Квантификационный метод вскрывает подобную картину и в отношении журнала “Новый мир”. Уже с 1989 г. в журнале доминировали негативно-оценочные публикации об Октябрьской революции… Отличие новомирской исторической публицистики от знаменской – более активное участие в антиоктябриане представителей философской, исторической, экономической, социологической наук. …Авторами всех негативно-оценочных философских публикаций были российские эмигранты первой волны…Целенаправленные публикации знаменских и новомирских авторов формировали у читателей суггестивное отношение к социалистической революции и ее деятелям. В сознание читателей внедрялась неизбежность “научного” предсказания о крушении советской политической системы. Тем самым население подготавливалось к “оранжевому” варианту ликвидации советской системы власти, произошедшей в 1993 г.» [72].
Как иллюстрацию приведем одну из таблиц в этой статье. Из нее видно, насколько тотальным был сдвиг массива публикаций в журнале «Новый мир» к антисоветским установкам.
Таблица 1. Публикации об Октябрьской революции
Логика ведущих обществоведов мейнстрима была и остается далекой от рациональности. Уже к середине 1990-х гг. стало очевидным и было зафиксировано в ряде работ, что исходные выводы доктрины реформ были ложны. Мнение, что экономическая реформа в России «потерпела провал» и привела к «опустошительному ущербу», стало общепризнанным и среди российских (пусть негласно), и среди западных специалистов. Нобелевский лауреат по экономике Дж. Стиглиц дает такую оценку: «Россия обрела самое худшее из всех возможных состояний общества – колоссальный упадок, сопровождаемый столь же огромным ростом неравенства. И прогноз на будущее мрачен: крайнее неравенство препятствует росту» [73, с. 188].
Вдумаемся: в результате реформ мы получили самое худшее из всех возможных состояний общества. Значит, речь идет не о частных ошибках, вызванных новизной задачи и неопределенностью условий, а о системе ошибок, о возникновении в сознании проектировщиков реформы «странных аттракторов», которые тянули к выбору наихудших вариантов из всех возможных, тянули к катастрофе. Эти ошибки были обусловлены воздействиями идеологией, они делались вопреки хорошо систематизированному историческому опыту России, вопреки предупреждениям множества советских и российских специалистов, вопреки предупреждениям видных зарубежных ученых.

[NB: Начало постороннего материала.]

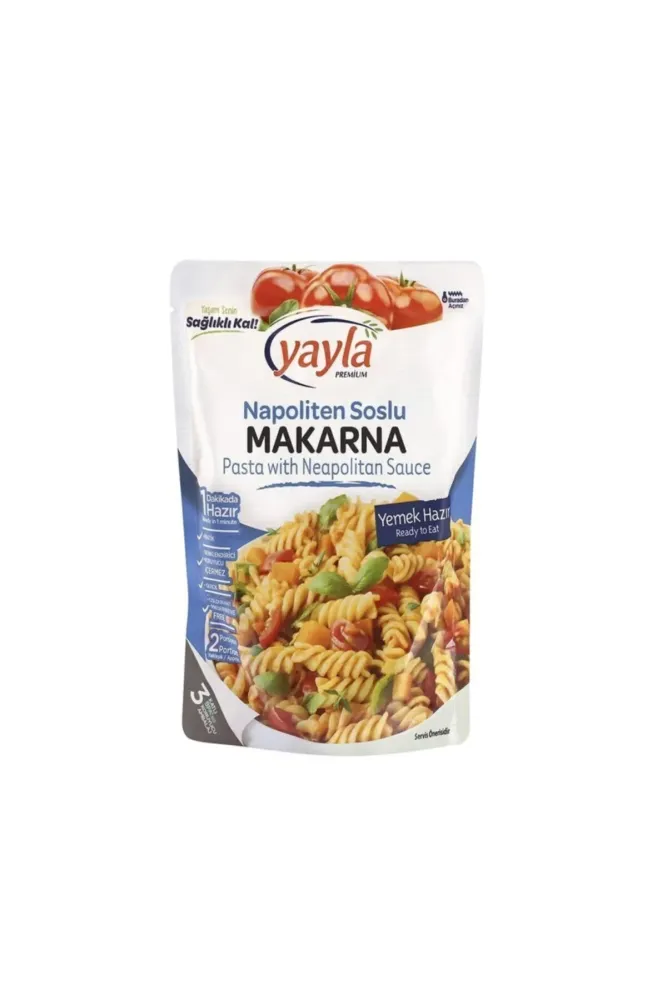 Yayla Napoliten Soslu Makarna 250 gr - 1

Этот факт также требует рефлексии, ибо говорит об очень глубокой деформации всей системы норм научной рациональности в отечественном обществоведении.
Масштаб социального бедствия не имеет прецедента в индустриальном обществе Нового времени. Украина, ставшая после развала СССР большой европейской страной с высоким уровнем научного и промышленного развития, погрузилась в редкостный кризис – в 2000 г. средняя реальная заработная плата здесь составляла 27 % от уровня 1990 г. (в Таджикистане – 7 %). В Армении к концу 1997 г. средний уровень заработной платы составил около 28 долл., в то время как стоимость минимальной потребительской корзины в этот момент достигала 50 долл.
На рис. 4 показан масштаб бедности в странах с переходной экономикой (в основном постсоветских в начале 2000-х гг.) [74, с.188–198]. Обществоведение было просто обязано объяснить, почему совсем недавно благополучные республики погрузились в такое бедствие, а также объяснить, почему Беларусь после 1996 г. смогла быстро вырваться из этой ловушки.
Рис. 4. Население, живущее в условиях абсолютной бедности в странах с переходной экономикой Европы и Средней Азии, %
(Источник: Making Transition Work for Everyone: Poverty and Inequality in Europe and Central Asia, 2002, Тhe World Bank, Washington, DC.)
Поразительно, что программа реформы и не предполагала создать или сохранить механизмы, предотвращающие обеднение населения. Исследователи ВЦИОМ писали: «Процессы формирования рыночных механизмов в сфере труда протекают весьма противоречиво, приобретая подчас уродливые формы. При этом не только не была выдвинута такая стратегическая задача нового этапа развития российского общества, как предупреждение бедности, но и не было сделано никаких шагов в направлении решения текущей задачи – преодоления крайних проявлений бедности» [75].